Are you waking up once or more at night to urinate? In this video, I’ll reveal one very common medical condition that almost no one talks about as a cause of nighttime urination.

Hi, I’m Dr. Steven Park, ENT surgeon, and sleep doctor, helping you to breathe better and sleep better so that you can wake up refreshed and have energy to enjoy life again.

I’m going to cover what causes nighttime urination, why it’s potentially dangerous to your health, what one condition that causes it is often ignored by most experts on YouTube, and how you can get rid of it in seven easy steps. Stick to the end, and I’ll show you how you can sleep through the night for the first time in years.

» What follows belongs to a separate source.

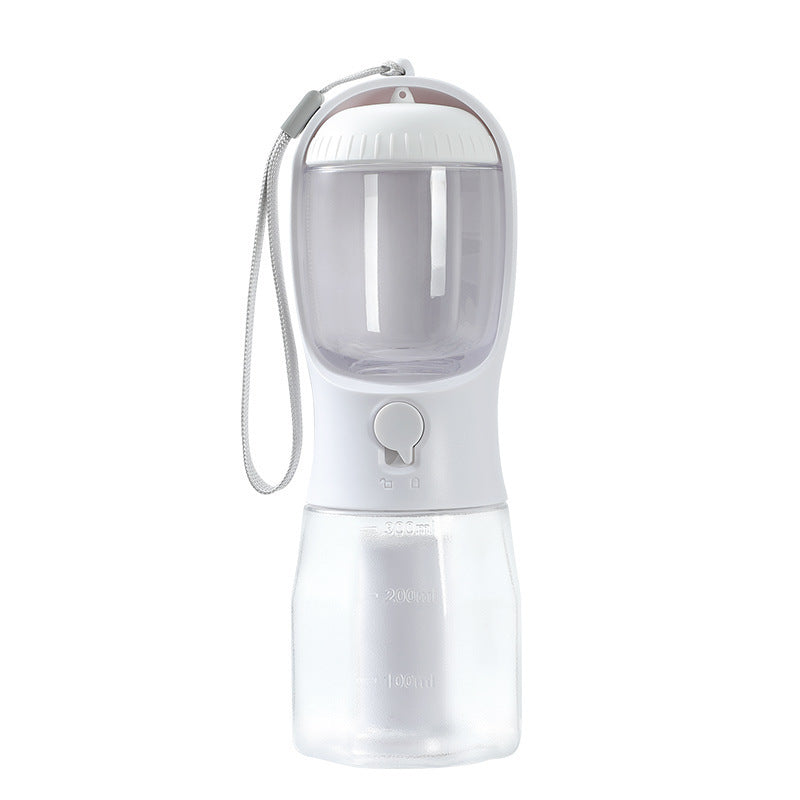 Pet Outing Portable Water Cup Dog Folding Telescopic Outdoor Products Large Capacity Cat High Temperature Resistant Kettle Wholesale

Nighttime urination, or nocturia, is a very common problem, even happening in children and young adults. It’s not just a minor nuisance but can be strongly linked to various medical complications and even higher death rates.

I was wondering what the most common explanations are for nocturia on YouTube, so I recently spent many hours watching the top 25 videos about nocturia. All the explanations I saw online overlapped a lot between all the different videos. The most common reasons mentioned were drinking too much water close to bedtime, pre-diabetes or diabetes, congestive heart failure, liver problems, sleep problems or circadian rhythm problems, prostate enlargement, overactive bladder, kidney stones, and cancer. Only a few mentioned sleep apnea, and very briefly. When it did come up, it was mentioned alongside many other possible conditions as a somewhat rare condition.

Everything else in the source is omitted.